Regarding the perceptions of the dwellers, when I asked them about the airport, they showed disappointment. Even though Galápagos doesn’t count on native civilizations, the population who live there for decades feel an enormous ecological responsibility. People like Giovanna and Cesar, a touristic guide and a taxi driver, believe that the airport was built under interests that were not necessarily linked to the community welfare. They think that a project like this could have been an opportunity to enhance the local economy by giving the locals chances to participate but this never happened. Furthermore, despite the high airport charge that visitors pay, few portions are invested in the community. Galápagos count on an ecological airport that got international recognition with users who whiteness thermal comfort, but such an investment could have had such a bigger impact. For instance, the locals could have learned techniques to build their future buildings in a more sustainable way. Moreover, some of the money that they collected from airport taxes could be used to projects that supply houses of any kind of clean energy systems because that could benefit enormously to reduce the impact that populations living in these environments cause, as the local Institute of Efficient and Renewable energy discusses.

The lessons

As it was explained, both communities have similar conditions, they develop in very fragile environments where its social and economic survival depends on its conservation. In both cases, the negative consequences of climate change would be devastating. Each of them has important buildings that reveal their realities. On the one side, Galápagos, a place internationally recognized where any kind of public investment would be visible and claimed. On the other side, Agua Blanca, a community that takes charge of its territory with their own resources, a lack of government support and environmental solutions. Both buildings, the museum, and the airport leave very clear lessons on how to reach resilience and what the obstacles are.

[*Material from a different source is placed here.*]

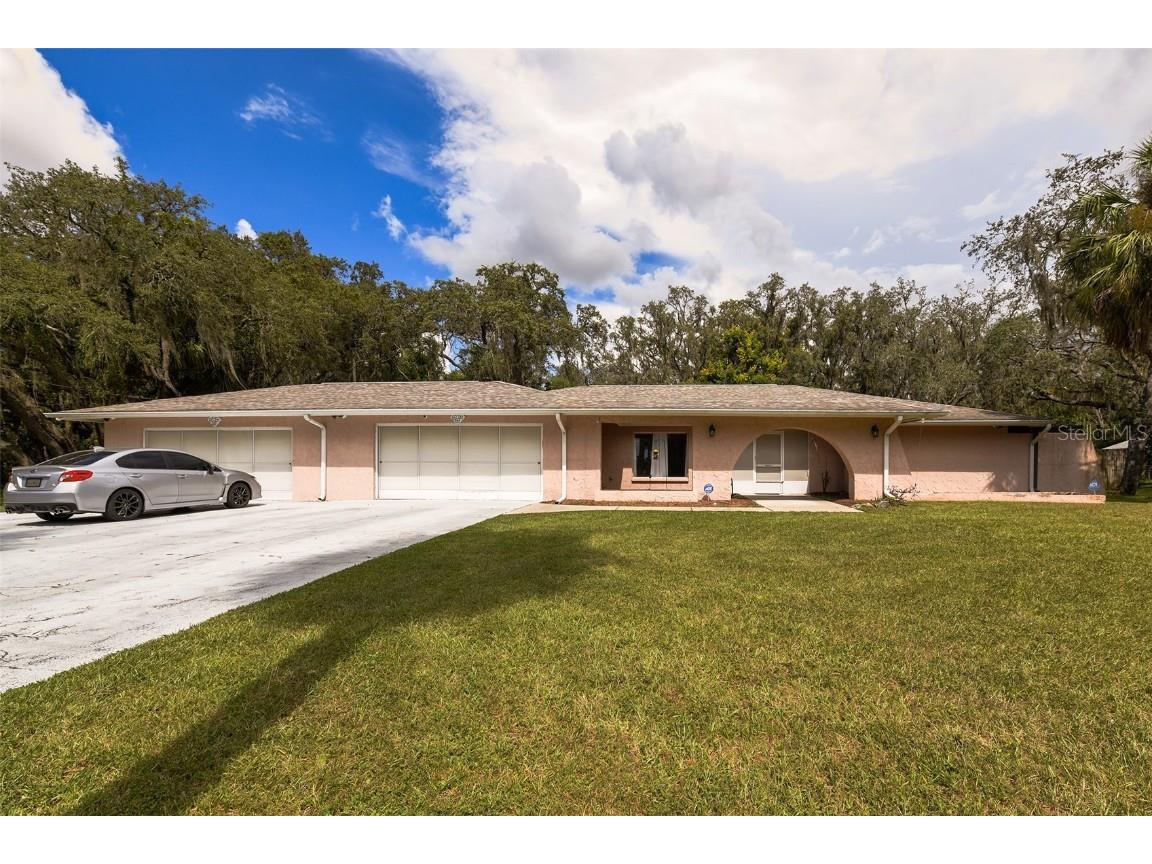 8976 Lake Drive New Port Richey FL 34654 TB8430996 image1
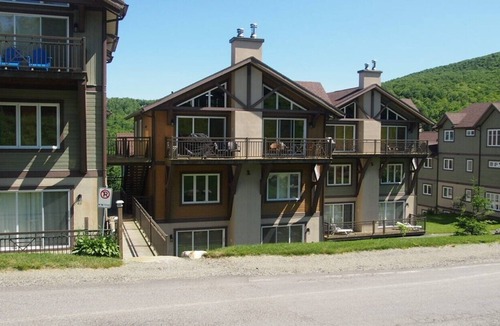 Sutton Condo | Big condo chalet style ski in ski out in Mont Sutton!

The Agua Blanca museum is a result of architecture based on traditional Knowledge, I consider it as evidence of what the architects of the past, ancient communities, have done to cope with the climate changes they have experienced. Their legacy is a laboratory of centuries of responses to environmental change explicit in their architecture, agriculture systems, and lifestyles. One of the most important lessons they showed us is how to truly belong to nature and to a culture. Almost every ancient civilization on Earth possessed deep bonds between nature and humanity -a oneness- through that connection and collective identity, the adaptation to natural and inevitable changes comes instinctively.

However, the traditional structures in Ecuador are in decay. They tend to represent the housing of the poor. As soon as the economic situation of a family improves, they change their houses to industrialized materials. Despite the benefits of building with natural and local materials, many communities have other perspectives on development, they want their houses to look like the ones they see on the internet and TV. We lack real examples that show new architecture that fits our current realities based on the local. In Agua Blanca, they experienced something different and that’s why they were able to preserve some of their traditional values. But since the construction of the museum -and the way that it was built- was promoted by foreign people, it raises a question: In developing countries, do we need only external validation to value what we have as a culture?

On the other hand, the Seymour de Baltra Ecological Airport is a great example of a building that reduces the negative impacts that such a big structure would cause by recycling and using clean energy systems. Yet, one of the pillars of sustainable development was neglected, the social one. Here is where I highlight that the link between architecture and climate resilience lays on building under environmental and socio-cultural requirements because to overcome the negative effects of climate change it is essential an empowered community willing to work collectively and capable of self-organization. Architecture can endure these values just like happened in Agua Blanca, by making the community part of the project and by enhancing cultural roots. This is the first rule for a resilient design that I have identified.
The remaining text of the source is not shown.